All earlier instructions still apply unless they conflict with this update.
</task_update>When the task itself changes:
<task_update>
The task has changed.
Previous task: complete the workflow.
Current task: review the workflow and identify risks only.
Rules for this turn:
- Do not execute actions.
- Do not call destructive tools.
- Return exactly:
1. Main risks
2. Missing information
3. Recommended next step
</task_update>Phase Parameter
Starting with GPT-5.4, long or tool-intensive Responses workflows use phase values to distinguish intermediate updates from the final answer (see the prompt-guidance guide for the full reference):
If manually replaying assistant items:
- Preserve assistant `phase` values exactly.
- Use `phase: "commentary"` for intermediate user-visible updates.

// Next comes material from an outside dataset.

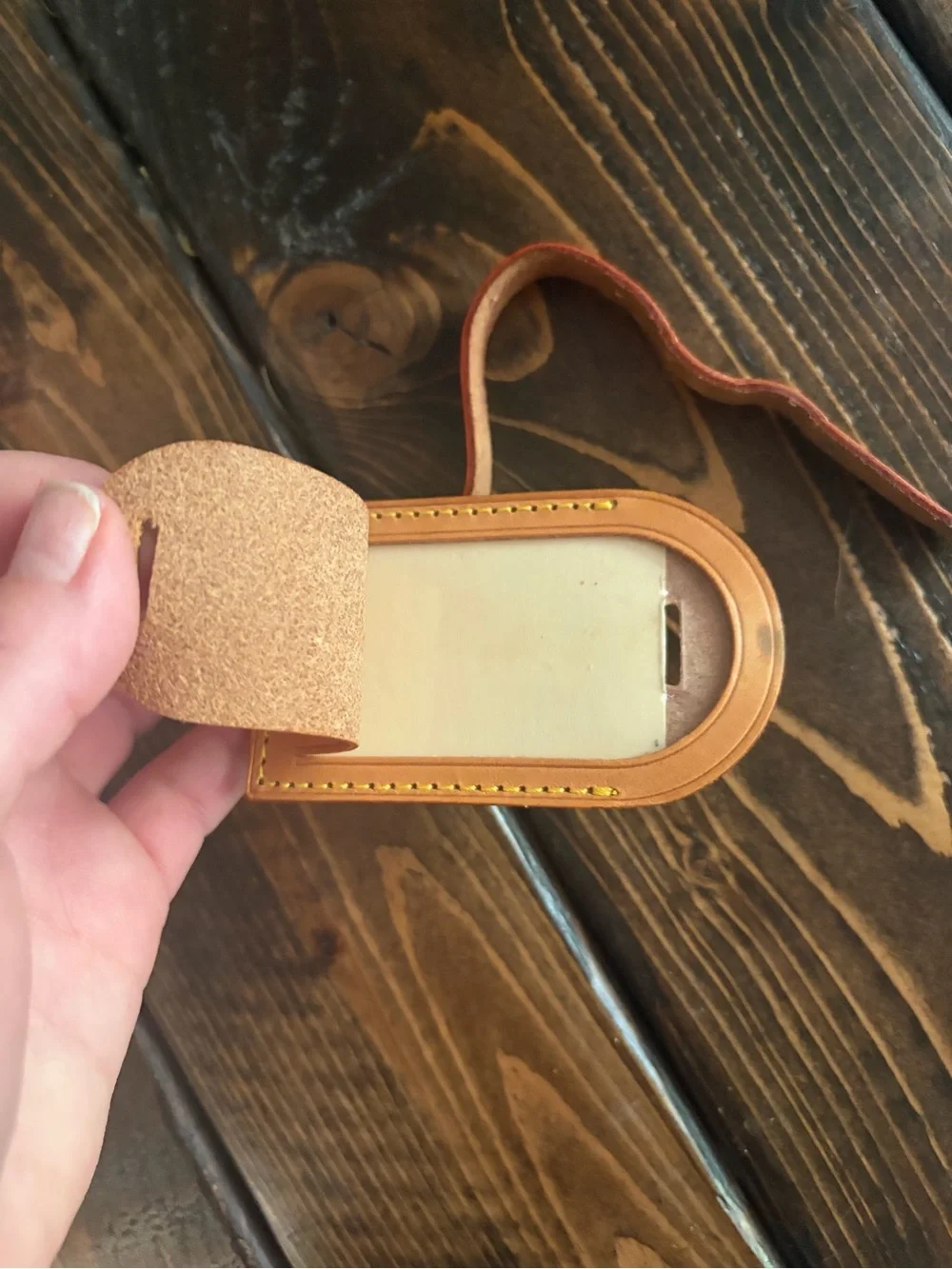 EUC Louis Vuitton Luggage Tag with Gold-Tone Buckle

- Use `phase: "final_answer"` for the completed answer.
- Do not add `phase` to user messages.If using previous_response_id, the API automatically preserves prior assistant state.
Prompt Structure Template
Role: [1-2 sentences defining the model's function, context, and work]
# Personality
[Tone, manner, collaboration style]
# Goal
[User-visible result]
# Success criteria
[Conditions that must be met before the final answer]
# Constraints
[Policy, safety, business, evidence, side-effect limits]
# Output
[Sections, length, tone]
# Stop rules
[When to retry, degrade, abandon, ask, or stop]Keep each block brief and only add detail where it would actually change behavior.

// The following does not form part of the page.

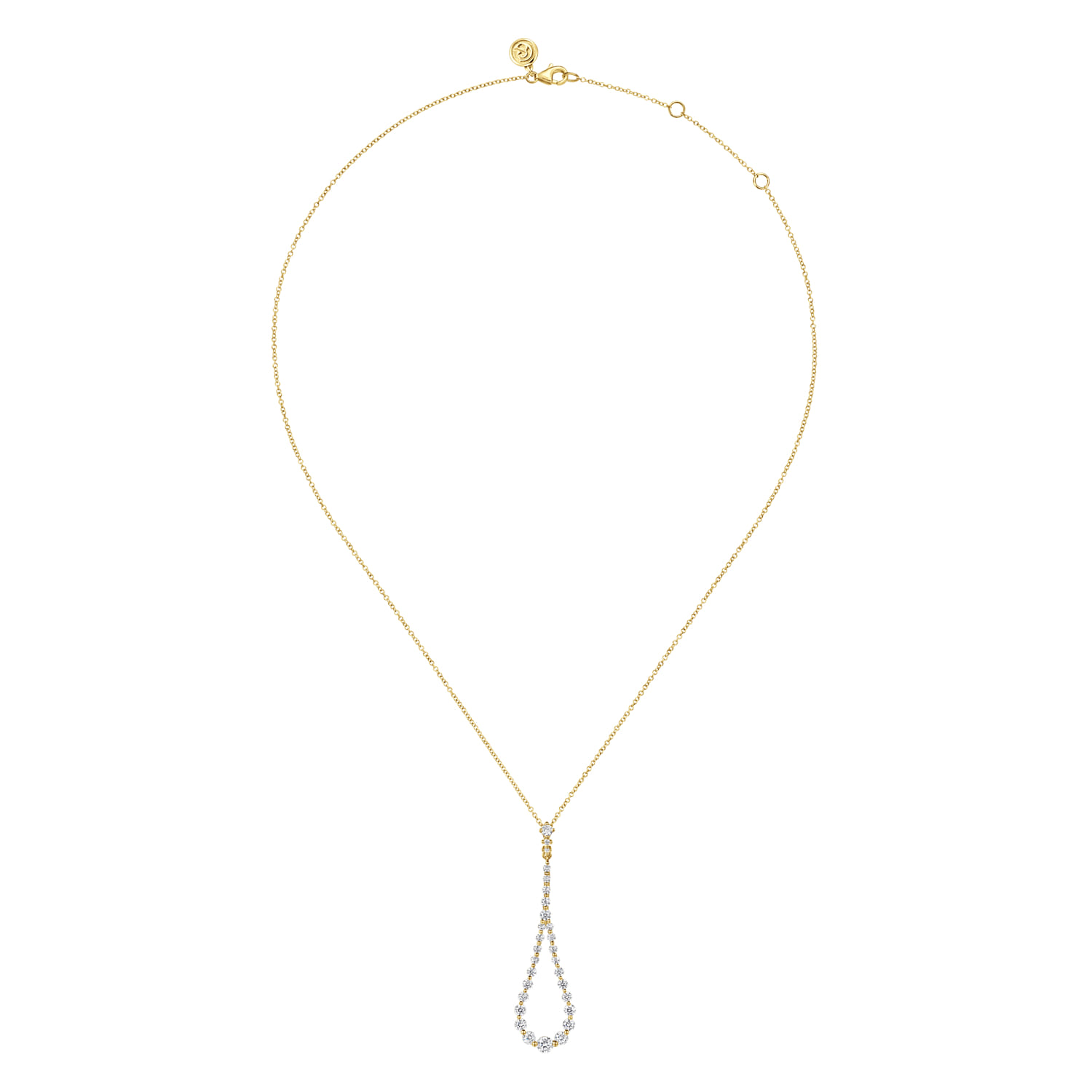 14K Yellow Gold Diamond Pendant Teardrop Necklace - 1.47 ct - Shot 2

Verbosity and Format Output
Control output length via text.verbosity — medium is the API default, low for more concise responses (see the prompt-guidance guide for the full verbosity parameter reference).
Format principles:
- Plain paragraphs for normal conversation, explanations, reports, and technical writing — the default format
- Titles, bold, and lists only when comparisons, rankings, or scanning are needed
- Follow explicit user preferences for conciseness or specific formats
When editing or rewriting, tell the model what to preserve while improving:
Preserve the requested artifact, length, structure, and genre first. Quietly improve clarity, flow, and correctness. Do not add new claims, extra sections, or a more promotional tone unless explicitly requested.Specify audience and length explicitly:
Write for a senior business audience. Keep the answer under 400 words. Use short paragraphs and only include bullets when they improve scannability. Prioritize the conclusion first, then the reasoning, then caveats.